Extracting data on shadow economy from PDF tables

26 Dec 2016

At a glance:

The shadow economy as a percentage of GDP in wealthier countries is in decline; and had a spike in 2009 with the economic crisis. More research is needed to adequately understand it. Along the way I experiment with extracting data frames from PDF tables; and show it's always worthwhile looking at the same data in different ways, which can be as simple as freeing up the vertical axes of graphics.

Data on the shadow economy?

I’m reading Kenneth Rogoff’s The Curse of Cash. It was one of Bloomberg’s Best Books of 2016 and the Financial Times’ Best Economics Books of 2016, and I recommend it.
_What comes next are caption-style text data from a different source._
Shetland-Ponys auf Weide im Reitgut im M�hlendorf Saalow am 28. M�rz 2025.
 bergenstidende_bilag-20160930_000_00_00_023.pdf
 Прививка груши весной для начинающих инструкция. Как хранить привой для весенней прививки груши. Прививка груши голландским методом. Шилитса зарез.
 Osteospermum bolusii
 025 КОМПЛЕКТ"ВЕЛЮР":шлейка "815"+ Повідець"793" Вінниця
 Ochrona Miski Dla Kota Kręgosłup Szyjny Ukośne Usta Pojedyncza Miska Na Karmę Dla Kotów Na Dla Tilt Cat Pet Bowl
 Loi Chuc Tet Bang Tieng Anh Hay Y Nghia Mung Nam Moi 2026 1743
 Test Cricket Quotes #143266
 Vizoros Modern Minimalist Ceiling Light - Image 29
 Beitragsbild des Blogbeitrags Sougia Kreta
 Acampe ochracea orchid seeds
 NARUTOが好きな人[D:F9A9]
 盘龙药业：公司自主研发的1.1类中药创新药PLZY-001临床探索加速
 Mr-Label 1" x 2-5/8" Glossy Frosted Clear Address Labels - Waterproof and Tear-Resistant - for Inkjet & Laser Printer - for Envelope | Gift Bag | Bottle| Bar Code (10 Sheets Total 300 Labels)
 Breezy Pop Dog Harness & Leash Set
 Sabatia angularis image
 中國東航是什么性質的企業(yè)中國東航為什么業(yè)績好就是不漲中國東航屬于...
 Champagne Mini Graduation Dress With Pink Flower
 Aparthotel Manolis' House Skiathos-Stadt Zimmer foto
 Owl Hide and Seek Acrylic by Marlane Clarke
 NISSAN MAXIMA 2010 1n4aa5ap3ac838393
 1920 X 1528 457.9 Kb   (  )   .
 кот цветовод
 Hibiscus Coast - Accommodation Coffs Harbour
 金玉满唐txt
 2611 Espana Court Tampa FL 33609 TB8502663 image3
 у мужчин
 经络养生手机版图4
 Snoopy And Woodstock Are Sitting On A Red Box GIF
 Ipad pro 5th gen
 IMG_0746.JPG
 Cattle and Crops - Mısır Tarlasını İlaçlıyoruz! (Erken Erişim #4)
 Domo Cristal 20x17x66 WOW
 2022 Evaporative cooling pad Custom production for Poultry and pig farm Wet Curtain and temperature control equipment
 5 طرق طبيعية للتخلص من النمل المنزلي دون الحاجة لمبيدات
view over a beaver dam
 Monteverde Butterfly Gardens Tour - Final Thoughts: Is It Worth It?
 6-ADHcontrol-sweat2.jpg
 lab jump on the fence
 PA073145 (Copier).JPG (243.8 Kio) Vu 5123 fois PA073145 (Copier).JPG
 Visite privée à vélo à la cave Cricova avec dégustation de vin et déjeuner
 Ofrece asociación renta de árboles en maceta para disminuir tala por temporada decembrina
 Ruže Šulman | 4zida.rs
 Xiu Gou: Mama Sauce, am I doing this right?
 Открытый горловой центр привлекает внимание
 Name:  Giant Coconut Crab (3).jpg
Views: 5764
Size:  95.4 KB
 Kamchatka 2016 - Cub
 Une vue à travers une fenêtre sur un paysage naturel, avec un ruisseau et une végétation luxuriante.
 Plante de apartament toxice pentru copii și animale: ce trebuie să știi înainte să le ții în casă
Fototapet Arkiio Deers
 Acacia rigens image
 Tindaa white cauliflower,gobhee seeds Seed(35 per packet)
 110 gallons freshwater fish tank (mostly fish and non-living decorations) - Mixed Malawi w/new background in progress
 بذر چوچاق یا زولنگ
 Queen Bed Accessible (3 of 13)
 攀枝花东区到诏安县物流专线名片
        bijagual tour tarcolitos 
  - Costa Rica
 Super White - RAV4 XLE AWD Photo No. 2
It’s an excellent and convincing book, making the case for getting rid of large denomination notes for three reasons:

  • to put the squeeze on the shadow economy (everything from breaches of labour standards, visa requirements, and tax evasion)
  • make life harder for organised crime
  • make negative interest rates a credible weapon in the armoury of central banks.

If you’re interested, there’s also a talk at the London School of Economics from 23 November 2016 that’s worth listening to or watching; actually that talk was what prompted me to buy the book for holiday reading.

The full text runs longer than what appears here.